Assigned task: Each entry below is to be given again word for word, with no pictures.

(Stored data)
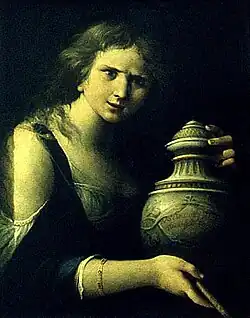 Лоренцо Габриери Цирцея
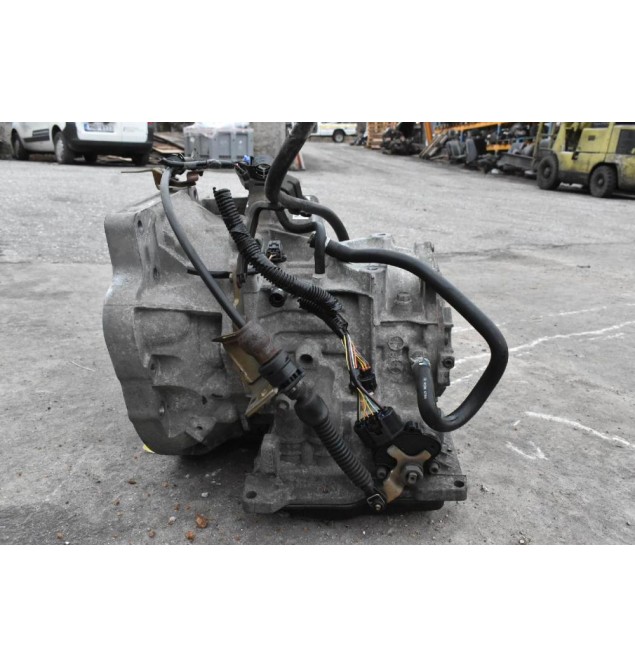 Αυτόματο Σασμάν Mazda 3 1.3 ZJ 2000-2008 NV F5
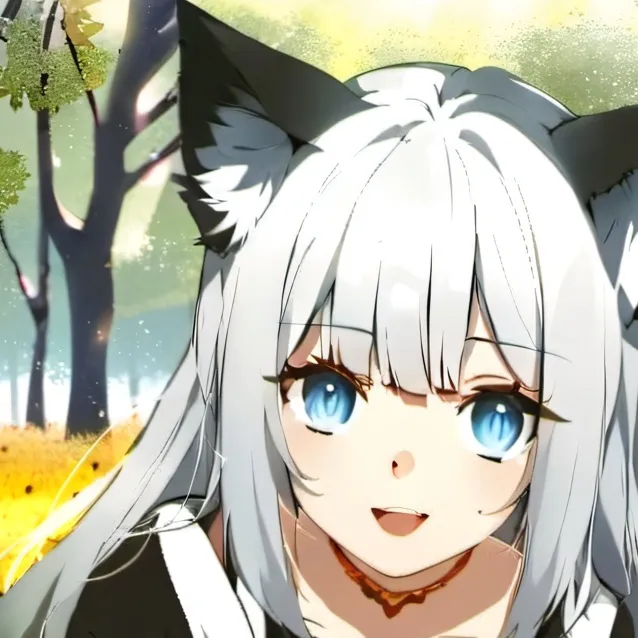 chat with ai character: Ashley 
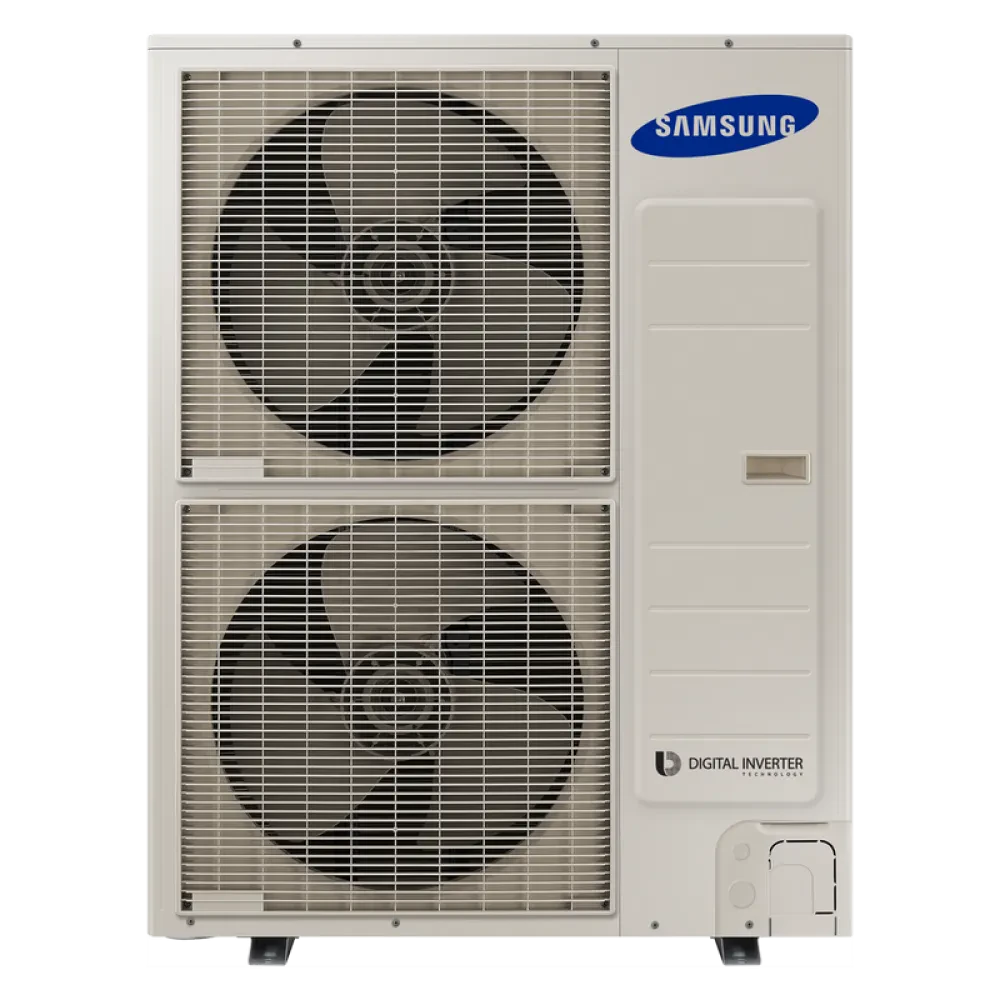 Внешний блок кондиционера Samsung AE120MXTPGH/EU, R-410A, 12кВт.ч, AE120MXTPGH/EU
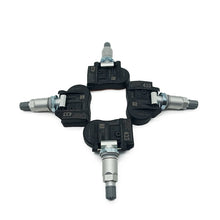 Load image into Gallery viewer, Tesla Model S 60 70 75 85 / Model X / Model 3433 MHz TPMS Tire Pressure Monitor Sensor For 1034602-00-A 103460200A
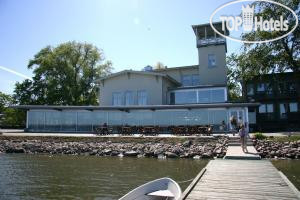 Hotelier's photos Baltic Hotel Promenaadi 3*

Response for this exercise:
 Лоренцо Габриери Цирцея
 Αυτόματο Σασμάν Mazda 3 1.3 ZJ 2000-2008 NV F5
 chat with ai character: Ashley 
 Внешний блок кондиционера Samsung AE120MXTPGH/EU, R-410A, 12кВт.ч, AE120MXTPGH/EU
 Load image into Gallery viewer, Tesla Model S 60 70 75 85 / Model X / Model 3433 MHz TPMS Tire Pressure Monitor Sensor For 1034602-00-A 103460200A
 Hotelier's photos Baltic Hotel Promenaadi 3*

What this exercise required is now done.